A new study out of the American Academy of Neurology found that people who follow an anti-inflammatory diet, rich in a few key ingredients, had a lower risk of developing dementia later in life. In the study, researchers surveyed more than 1,000 people in Greece about the types of food they ate over the course of three years. They sought to elicit the kinds of food people were eating most regularly, including dairy products, cereals, fruits, vegetables, meats, fish, legumes, alcoholic beverages, and sweets. The participants were then broken up into stratified groups and given scores based on how inflammatory their overall diets were.
Over the course of the study, 62 people—around six percent of study participants—developed dementia. These people just so happened to be those in the group representing the most inflammatory diets. In fact, those who ate the most inflammatory foods during the study were found to be three times more likely to develop dementia when compared to people who maintained anti-inflammatory diets.
The best and most effective way to reduce your intake of inflammatory foods is to eliminate highly-processed foods like fast foods, saturated fats, and sugary beverages, as these are some of the most common food triggers that increase inflammation.
As is the case with one-off studies such as this one, more research is needed before we draw any definitive conclusions. But the findings in this study certainly jive with our growing understanding of the inflammation-brain connection: When the body is inflamed, so is the brain. The researchers have even gone so far as to say these results should inform dietary recommendations for the long-term preservation of cognitive health.
“Our results are getting us closer to characterizing and measuring the inflammatory potential of people’s diets,” said study author Nikolaos Scarmeas, MD, PhD, of the National and Kapodistrian University of Athens in Greece. “That, in turn, could help inform more tailored and precise dietary recommendations and other strategies to maintain cognitive health.”
The study highlighted three key food groups and two beverages that were present across the brain-boosting, anti-inflammatory diets. And while these may come as no surprise to already-healthy eaters, it is certainly good for us to refresh our minds about each their benefits.
Here are the 5 top anti-inflammatory foods and drinks linked to long-term brain health.

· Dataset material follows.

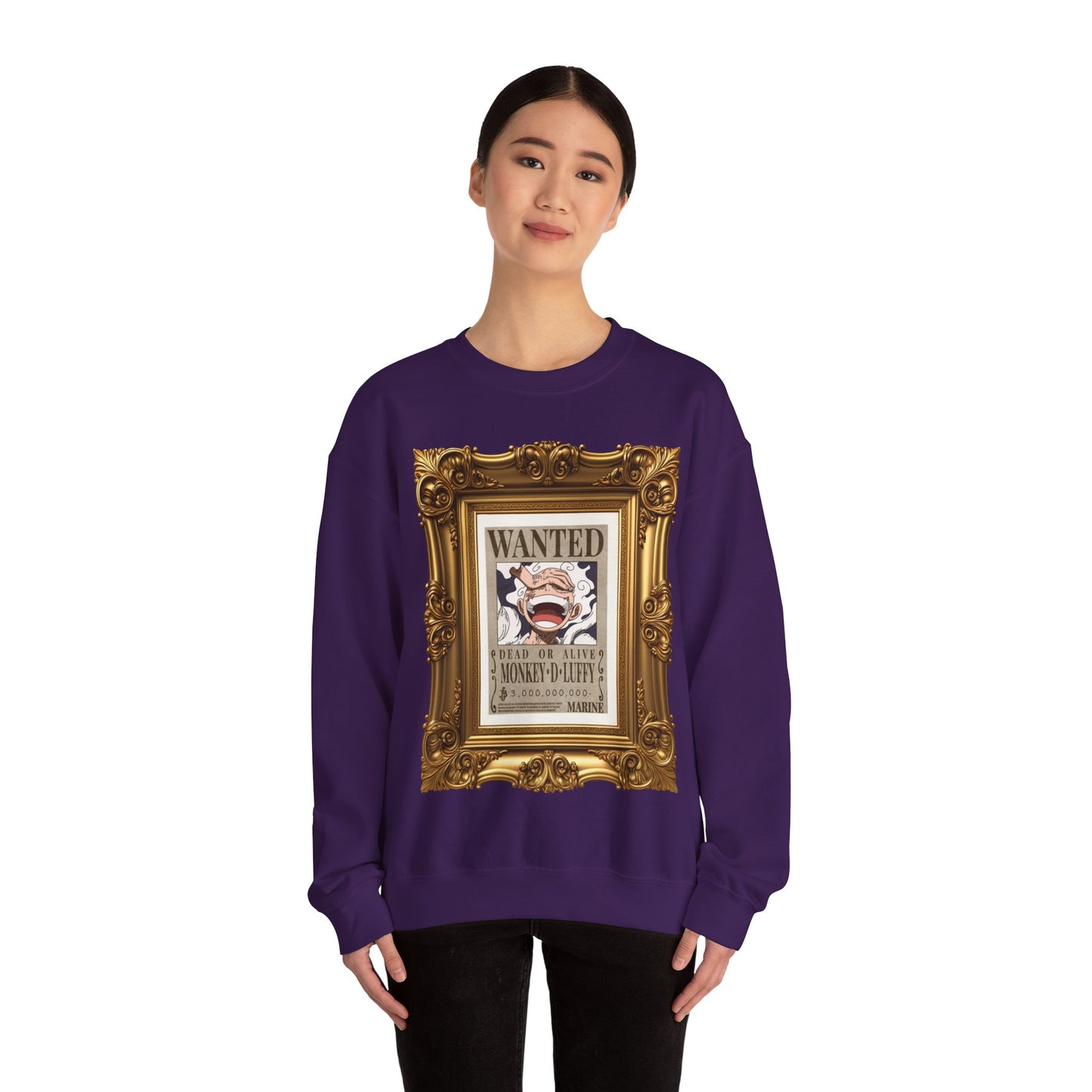One Piece - Fine Art Luffy Unisex Heavy Blend™ Crewneck Sweatshirt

Yup, no surprise here. Try to include at least four to five servings of fruit in your diet per week. If optimal anti-inflammatory benefits are what you’re after, strawberries, blueberries, raspberries, and blackberries are all excellent options. The entire berry family contains antioxidants called anthocyanins, which are compounds that have powerful anti-inflammatory effects.
Particularly of the leafy green variety—think broccoli, spinach, kale, and collards. These verdant superfoods are filled with vitamin E, another natural antioxidant that has been shown to reduce processes of inflammation and calm overactive immune systems.

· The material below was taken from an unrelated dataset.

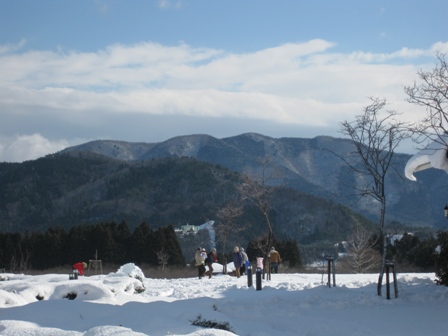 雪のある休日・・ぶらり家の周辺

Beans have a bad reputation when it comes to inflammation. It has been suspected that beans cause inflammation because they contain lectins, a protein that binds to carbohydrates and is difficult for the body to break down. In reality, soaking, sprouting or cooking beans—which is most often how they are prepared—neutralized these lectins and prevents them from binding. Beans and legumes are not only full of nutrients and antioxidants, but they are also densely packed with fiber and protein—all of which are crucial elements of any anti-inflammatory diet.
4. Coffee and tea
Caffeine dependents can rejoice, because members of the study who demonstrated long-term cognitive health were also found to be coffee and tea drinkers. Coffee has been a suspected anti-inflammation agent for some time, as it contains polyphenols, which are naturally occurring anti-inflammatory compounds. Tea, on the other hand, possesses antioxidants called catechins, which reduce inflammation. Green tea, in particular, contains something called EGCG, the most powerful type of catechin. While other teas also have EGCG, green tea packs the biggest punch when it comes to inflammation.